**Description of the task:** What you return should be the full listing, copied exactly and stripped of its pictures.

━━ Information shown ━━

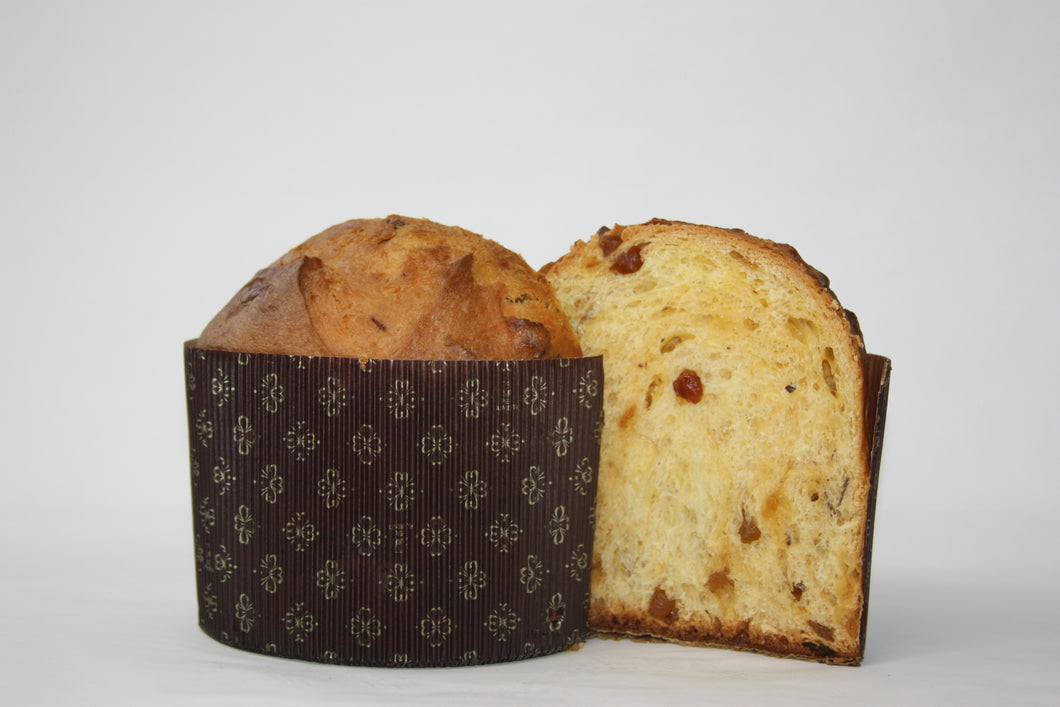 Panettone with apple and cinnamon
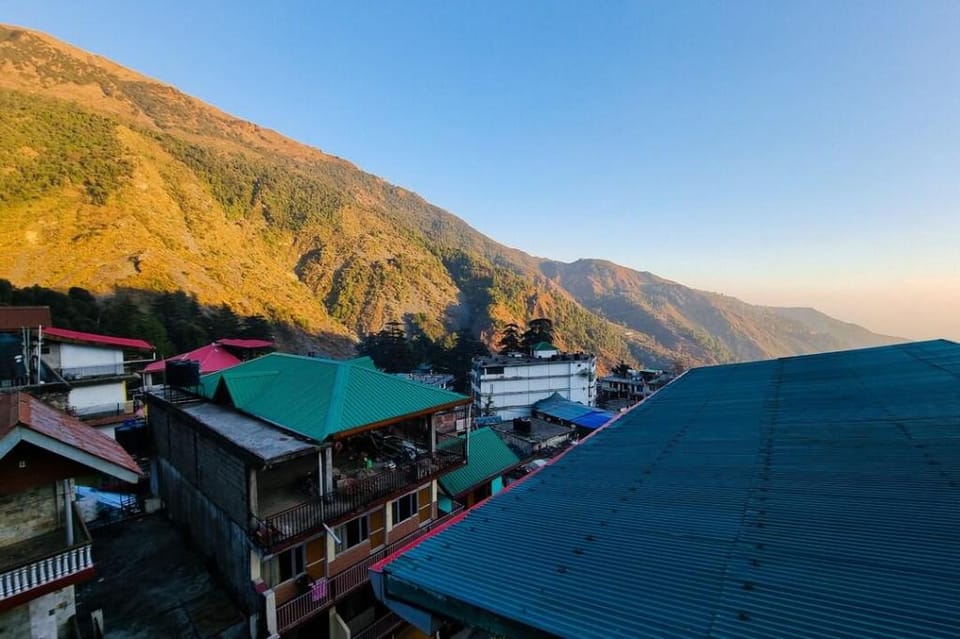 Oak view Hotel in Punjab, India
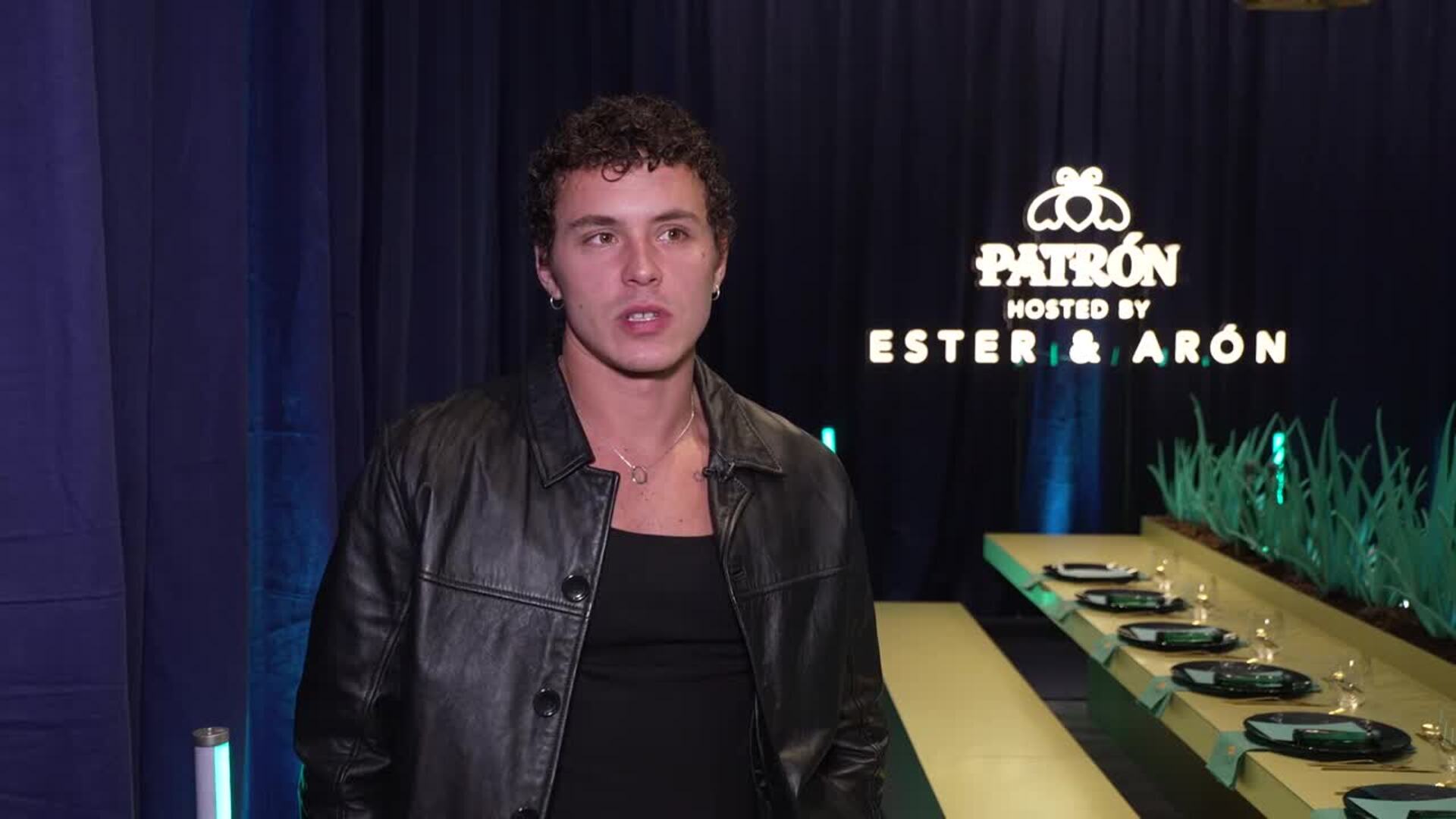 Ester Expósito y Arón Piper brindan por los momentos que han definido su año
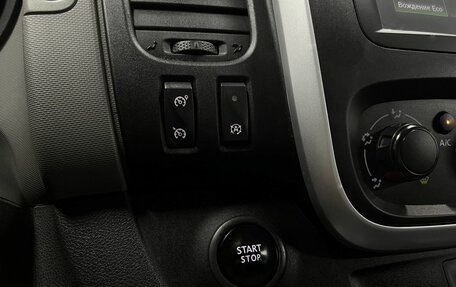 Nissan NV300, 2018 год, 2 995 000 рублей, 21 фотография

━━━

**Response to the exercise:**
 Panettone with apple and cinnamon
 Oak view Hotel in Punjab, India
 Ester Expósito y Arón Piper brindan por los momentos que han definido su año
 Nissan NV300, 2018 год, 2 995 000 рублей, 21 фотография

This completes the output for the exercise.